## Exercise aim
The result is the exact lines from the one containing "this 608×320 image." through the final line of the entries; leave out the pictures.

## Data for analysis
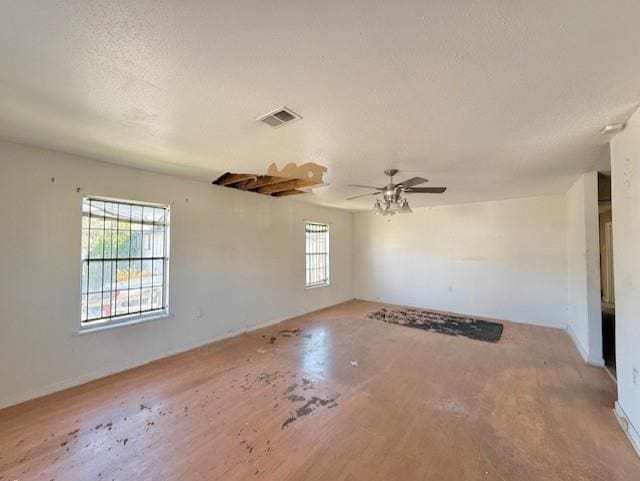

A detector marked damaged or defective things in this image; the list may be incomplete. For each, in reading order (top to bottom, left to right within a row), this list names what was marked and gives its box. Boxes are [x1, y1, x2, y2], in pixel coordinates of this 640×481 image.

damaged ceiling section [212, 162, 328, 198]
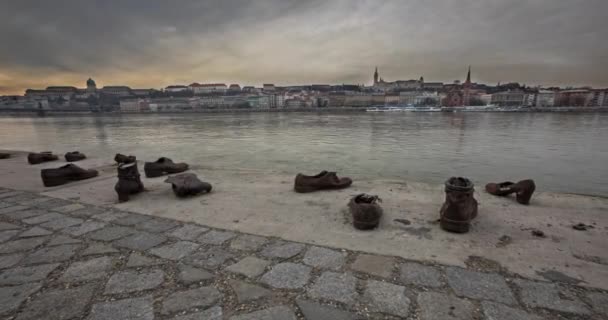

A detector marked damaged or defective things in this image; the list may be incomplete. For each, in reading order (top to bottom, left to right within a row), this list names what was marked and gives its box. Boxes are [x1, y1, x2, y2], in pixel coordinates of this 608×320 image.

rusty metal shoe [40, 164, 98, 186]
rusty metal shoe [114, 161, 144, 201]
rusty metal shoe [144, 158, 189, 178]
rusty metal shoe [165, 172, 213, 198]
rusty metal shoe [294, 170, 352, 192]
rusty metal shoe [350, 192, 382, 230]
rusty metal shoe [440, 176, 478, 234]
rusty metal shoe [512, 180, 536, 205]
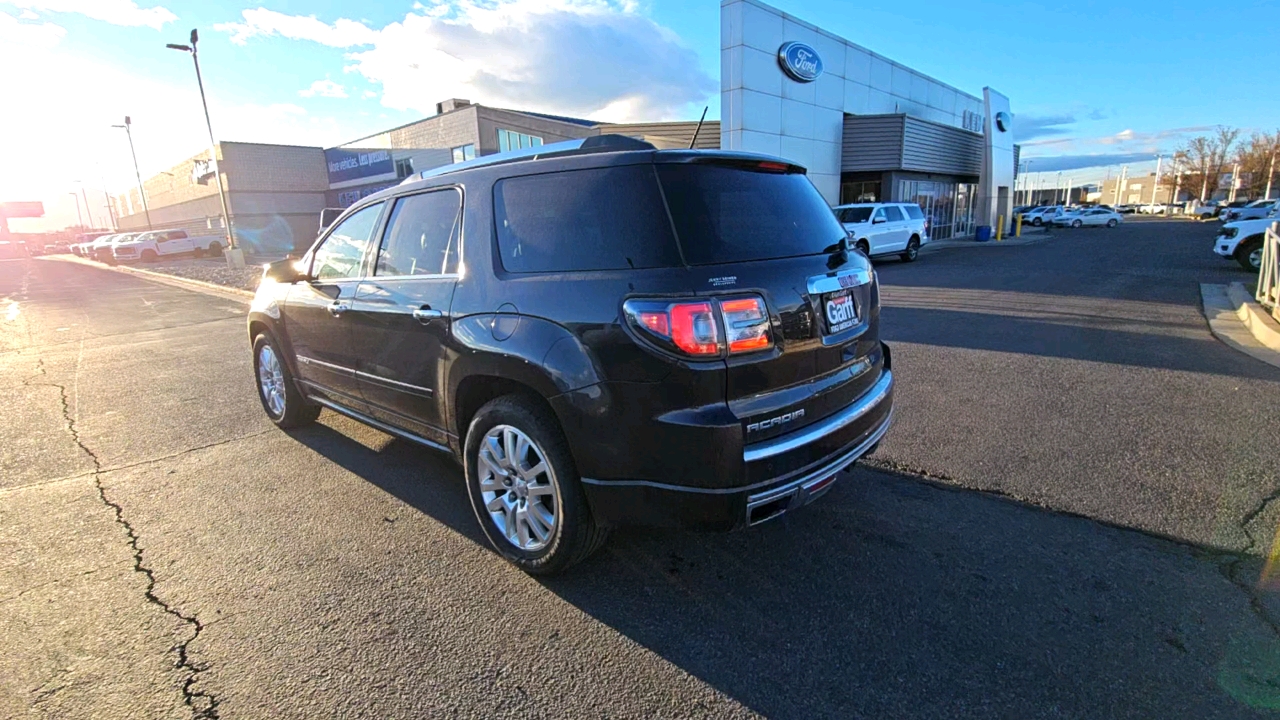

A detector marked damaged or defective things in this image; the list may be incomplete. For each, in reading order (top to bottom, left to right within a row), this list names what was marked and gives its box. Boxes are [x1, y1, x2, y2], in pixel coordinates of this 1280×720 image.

## Answer box
A detector marked damaged or defective things in this image; the list may be incomplete. For each, in reading order (top to bottom, left to right within a row), this list names what was marked and gives its box. Boxes are [x1, y1, x2, y2], in pixel coordinates of this 608×320 image.

rusty metal shoe [40, 164, 98, 186]
rusty metal shoe [114, 161, 144, 201]
rusty metal shoe [144, 158, 189, 178]
rusty metal shoe [165, 172, 213, 198]
rusty metal shoe [294, 170, 352, 192]
rusty metal shoe [350, 192, 382, 230]
rusty metal shoe [440, 176, 478, 234]
rusty metal shoe [512, 180, 536, 205]

A detector marked damaged or defective things in this image; the list may be incomplete. For each, in reading order (top to bottom, left to right within a row), this list names what was marked and gives its box. Boxes are [x1, y1, x2, y2], in pixel coordinates of this 1280×720 image.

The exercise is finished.